The complex of parking lots and buildings running parallel to Columbus Boulevard, and contained loosely by Moore, Oregon and Water Streets, offers an array of big box mega-stores to give any suburban retail archipelago a run for its money. The Pennsport brand-name shopping Mecca boasts one of the city’s three five Target locations, meaning that you can buy your birthday cards, butter knives, breadmakers and bathing suits all in one convenient location.
As recently as 50 years ago though, 1 Mifflin Street would have been your destination of choice for barrels.
In the late 19th century, the Irish and Italian immigrant families that populated the Pennsport neighborhood were an engine for the Industrial Revolution. The image taken here from the G.W. Bromley’s 1895 Philadelphia Atlas shows a dense cluster of refineries, foundries, mills and rails where Marshalls, Lowes, ShopRite and Modell’s currently reside. The 1895 Atlas shows that the building just left of center held a number of occupants, with H & N O’Donnell Cooperage Company largest among them.
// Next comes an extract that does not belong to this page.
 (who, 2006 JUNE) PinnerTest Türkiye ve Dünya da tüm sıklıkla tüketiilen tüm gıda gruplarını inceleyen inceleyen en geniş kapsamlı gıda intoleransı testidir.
The barrel factory was founded by brothers Neil and Hugh O’Donnell, who according to the 1904 text The Packages, Vol. 7, “were among the largest handlers of slack cooperage stock in the country and are remembered by the trade with respect.” Though the brothers O’Donnell passed on in 1902 and 1904, a trade publication advertisement taken from the June 1912 issue of National Cooper’s Journal, shows the factory occupying the Moore St. side of the building.
By 1910, the Homer Brass Works Company had come to occupy the Mifflin side of the building, placing this leading manufacturer of ale and beer pumps where the Target entrance and check-out registers now stand. This was in turn, replaced by United Steel Barrel Co. Now completely devoted to the purposes of barrel production and distribution, the building had come to play an important role in supporting Allied efforts even before the U.S. entered World War II combat. According to an article from the Reading Eagle, the plant burst into flames on October 4th, 1941. And in the great tradition of wartime reporting, the article generates just a touch of hometown paranoia, remarking that “the company has been busy on defense orders and authorities did not discount the possibility of sabotage.”
The Department of Records photos above show the structure to the left in 1949, several decades before the arrival of Target. The Continental Distribution Warehouse (now Shoprite) is seen to the right. The train tracks running between them on Swanson Street remain a constant threat to your tires even today.